Monday, March 31, 2014
Tuesday, March 25, 2014
Summer Blues
This is that temple at Ramanagaram. It was afternoon when this was done. P, S and I were sitting in front of the temple in the shade of trees drawing this. We spoke about how happy we felt to get away from the city and sit in the middle of nowhere to draw. We decided that we needed to do one more thing to complete our happiness. We phoned A, who was unable to come with us that day. P spent 10 entire minutes eulogizing our wonderful time to A. Our happiness was complete.

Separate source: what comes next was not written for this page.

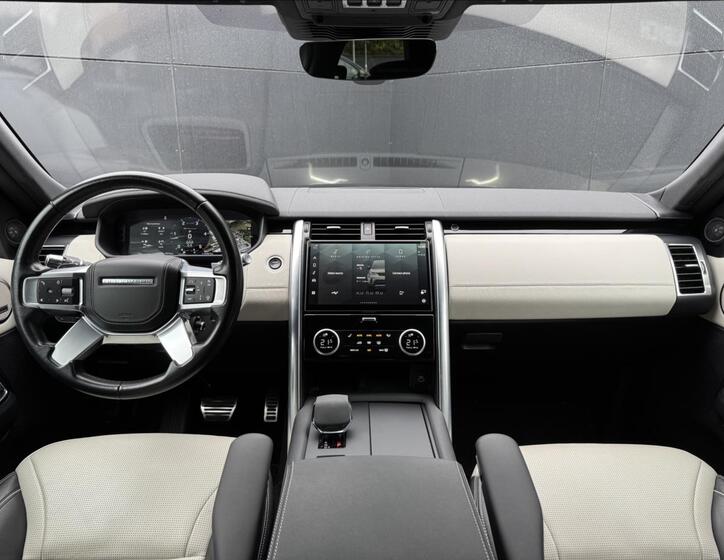 Land Rover Discovery 15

Since we didn’t want to roast in the heat of a village during the month of March, we sketched within the city last week. Some place with a fountain and moth eaten ducks. Too many conversations with P and S about abstract theories. Lucky for me, S’s wife happened to accompany him. She had been given strict instructions not to disturb us, but she waited while I finished drawing this ugly mall opposite. I quickly drew, ditched the guys and scooted off with her to shop for girlie things. Wonderful time. “Don’t listen to boys and their bulls*** ” said S’s wife, “they are just showing off”.
This, a lovely fig tree growing inside ITC (Indian Tobacco Company). Thanks to C, whose husband and sister work there, I got a guided tour inside the beautiful green environmentally friendly campus.
The drawing above and below from my giant Moleskine sketchbook. Playing with organic forms. What is a sketchbook for if it isn't for experimentation?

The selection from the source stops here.